__WORK INSTRUCTIONS__: Skip the pictures and copy all the data that follows exactly.

DATA RECORDS: Begin

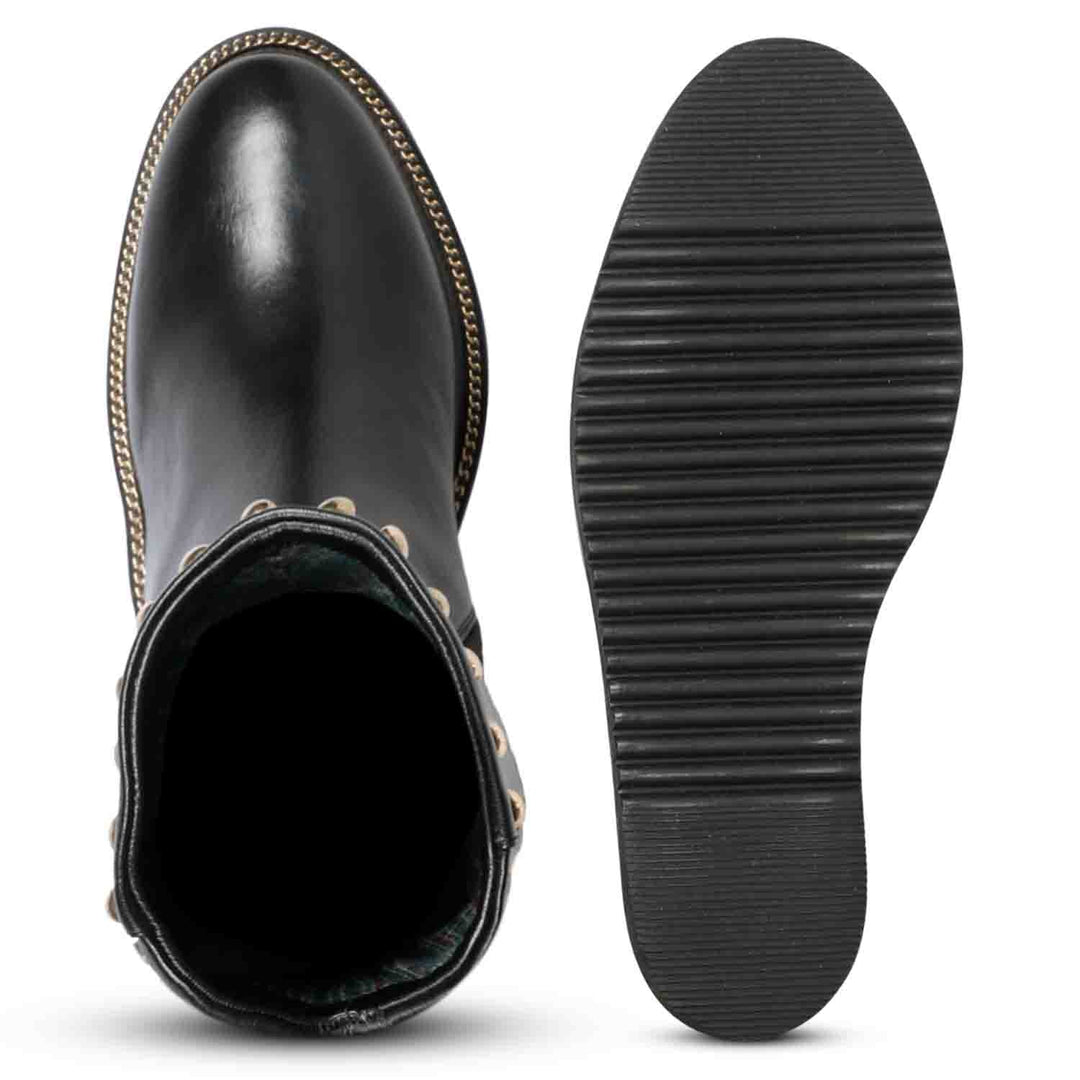 Sole and inside wedge of womens black studded leather long boots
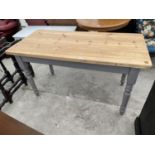 A LONG PINE KITCHEN TABLE ON A GREY PAINTED BASE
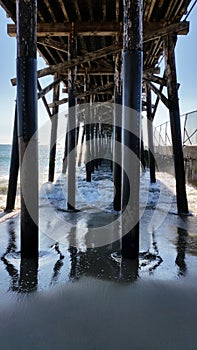 Look out into ocean under pier at the beach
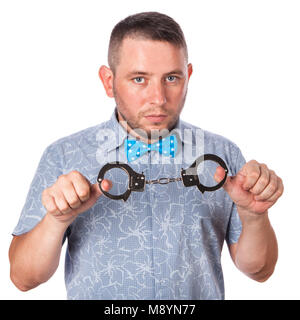 Adult male with beard in a blue bow tie in summer shirt in police handcuffs isolated on a white background Stock Photo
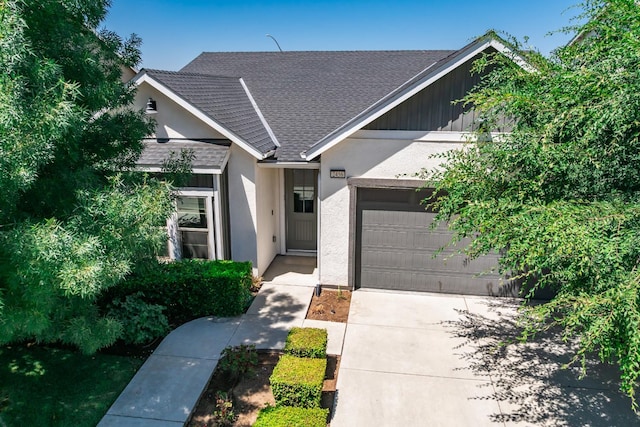 2456 Junipero Ave, Clovis, CA 93619 - view of front of house with a garage, driveway, a shingled roof, and stucco siding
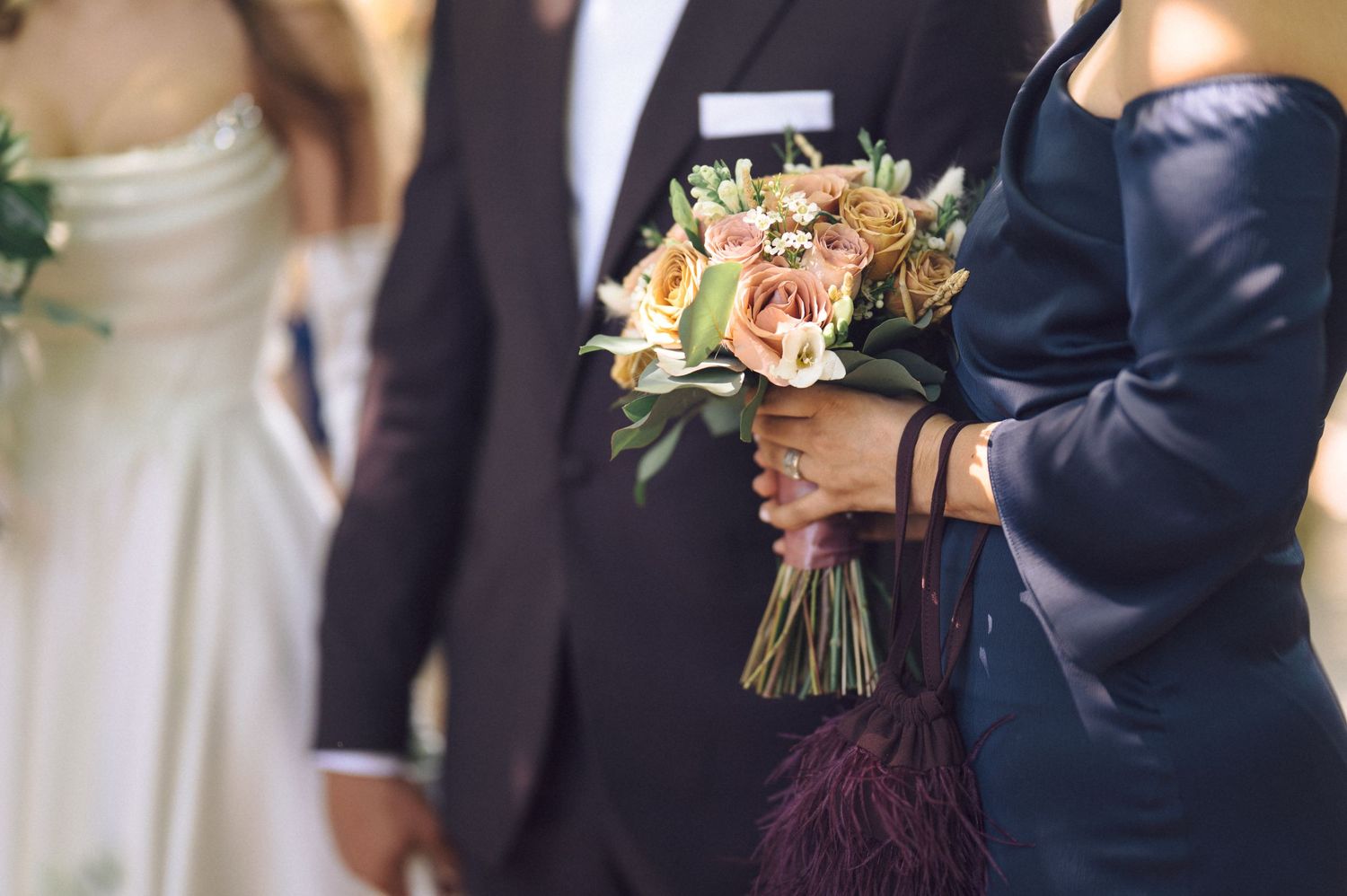 Newlywed couple holds elegant wedding bouquets while wearing traditional white dress and navy suit at outdoor ceremony.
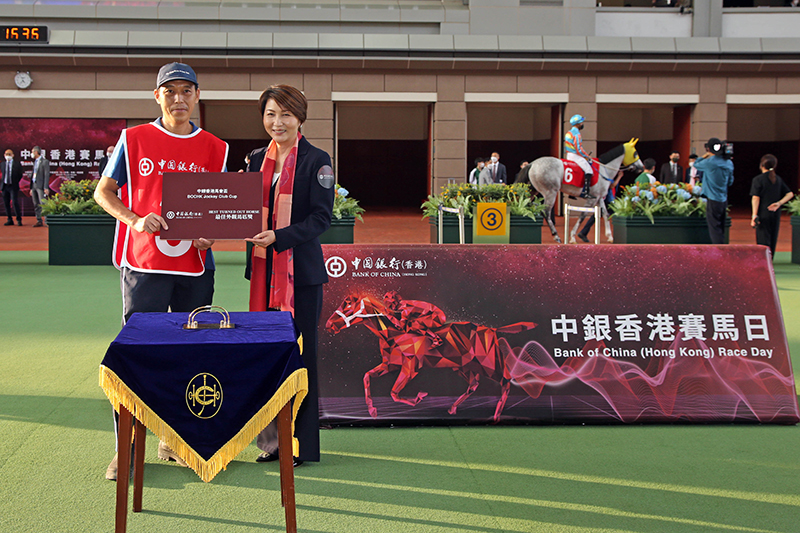 Before the race, Macy Ng, Deputy General Manager of Personal Banking and Wealth Management Department, Bank of China (Hong Kong) Limited, presents a prize at the parade ring to the stable assistant responsible for Beauty Joy, the best turned out horse for the BOCHK Jockey Club Cup.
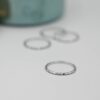 Hammered surface ring with a softly reflective finish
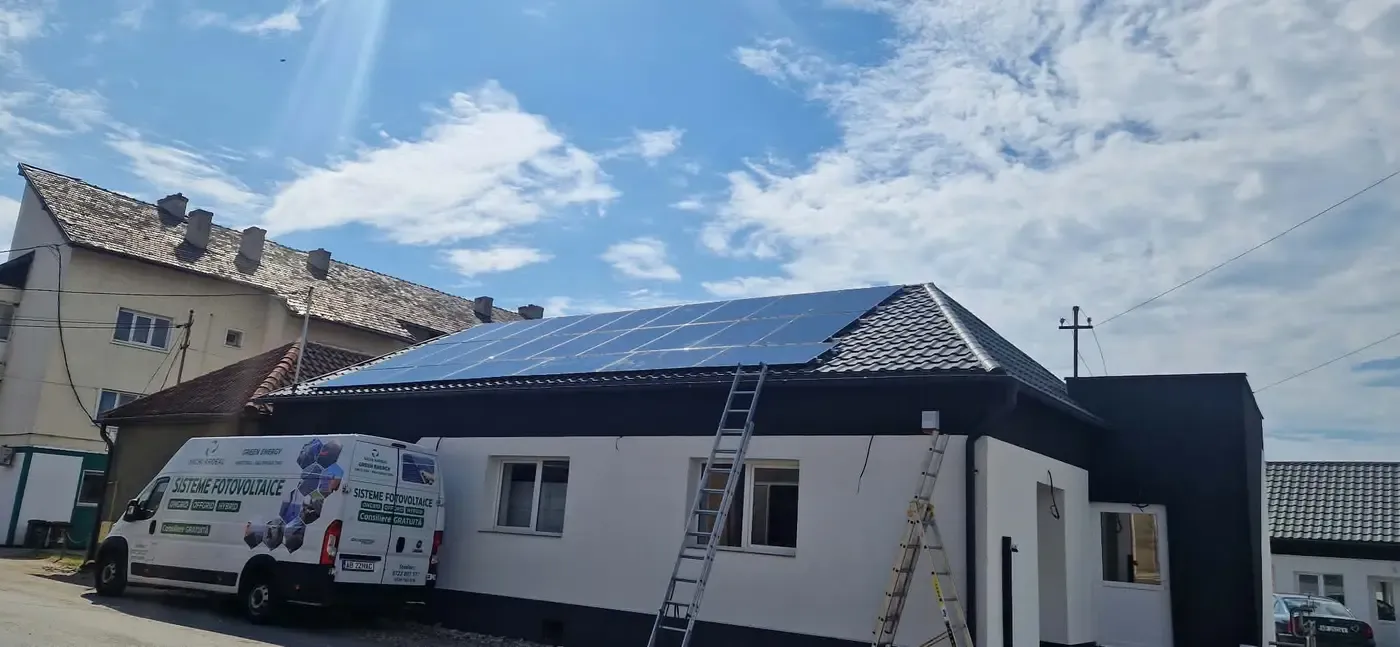 Casă albă cu panouri fotovoltaice pe acoperiș, două scări rezemate de perete și o dubiță albă cu inscripție în față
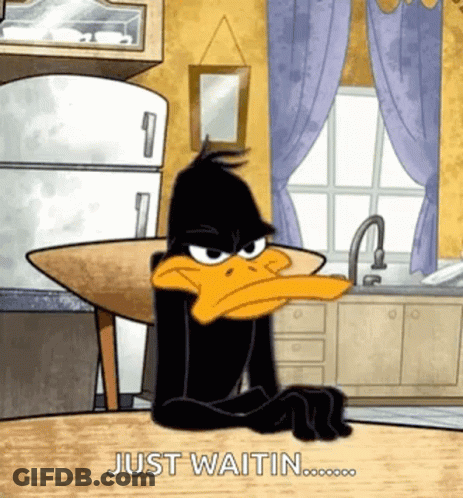 Daffy Duck Sitting At Table Waiting GIF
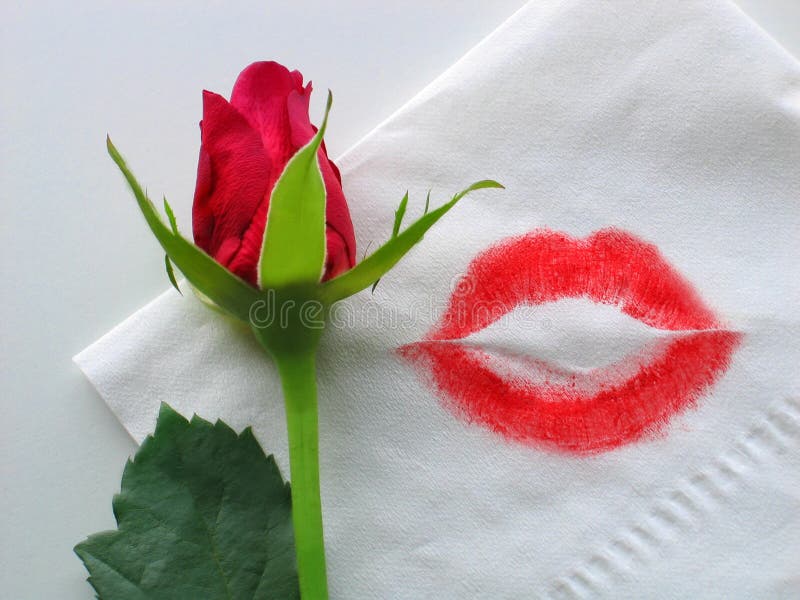 Eine Rose und ein Lippenstiftkuß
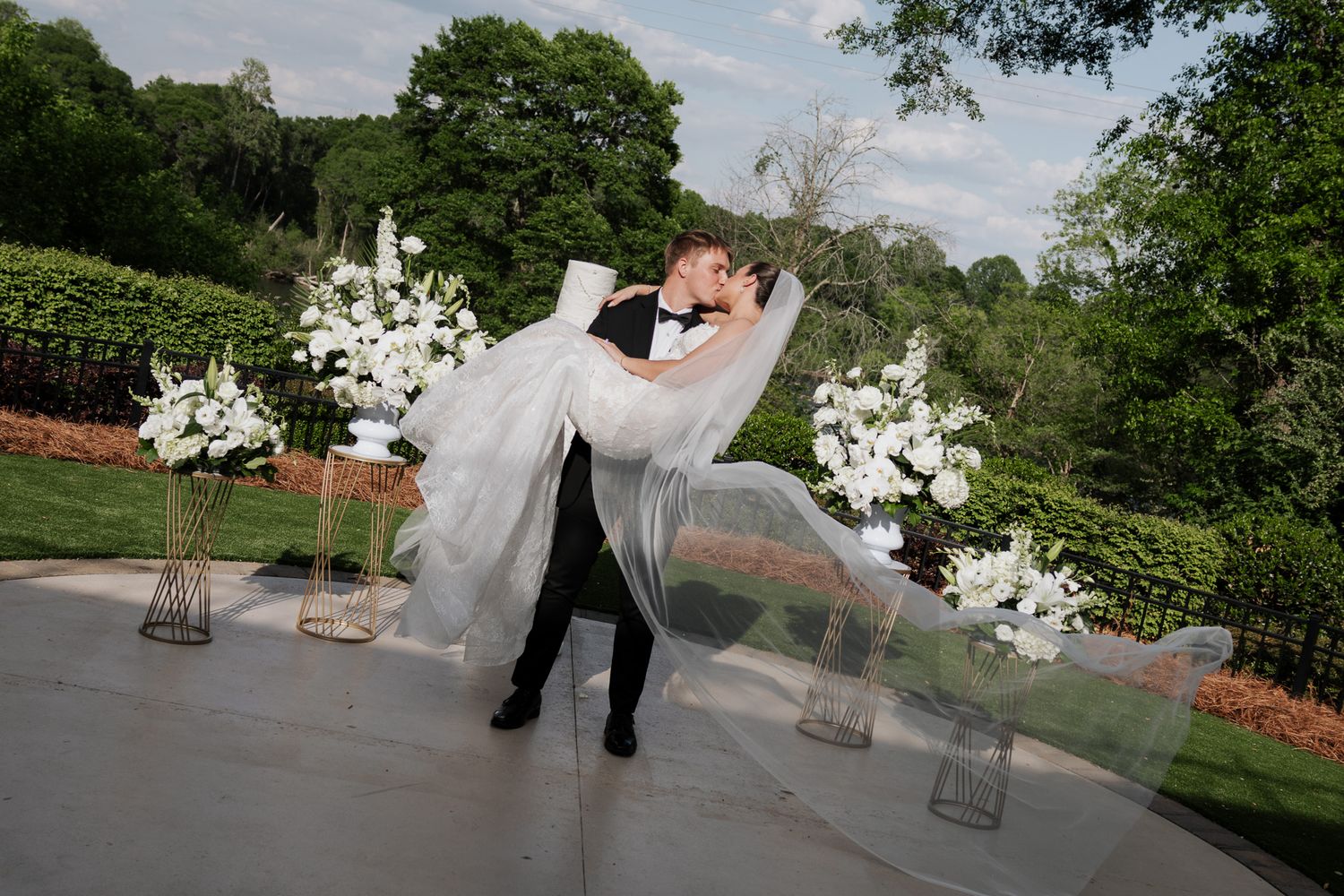 Groom lifts and dips bride in flowing white dress during outdoor wedding ceremony with white flowers.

DATA RECORDS: End

__OUTPUT FOR THIS TASK__:
 Sole and inside wedge of womens black studded leather long boots
 A LONG PINE KITCHEN TABLE ON A GREY PAINTED BASE
 Look out into ocean under pier at the beach
 Adult male with beard in a blue bow tie in summer shirt in police handcuffs isolated on a white background Stock Photo
 2456 Junipero Ave, Clovis, CA 93619 - view of front of house with a garage, driveway, a shingled roof, and stucco siding
 Newlywed couple holds elegant wedding bouquets while wearing traditional white dress and navy suit at outdoor ceremony.
 Before the race, Macy Ng, Deputy General Manager of Personal Banking and Wealth Management Department, Bank of China (Hong Kong) Limited, presents a prize at the parade ring to the stable assistant responsible for Beauty Joy, the best turned out horse for the BOCHK Jockey Club Cup.
 Hammered surface ring with a softly reflective finish
 Casă albă cu panouri fotovoltaice pe acoperiș, două scări rezemate de perete și o dubiță albă cu inscripție în față
 Daffy Duck Sitting At Table Waiting GIF
 Eine Rose und ein Lippenstiftkuß
 Groom lifts and dips bride in flowing white dress during outdoor wedding ceremony with white flowers.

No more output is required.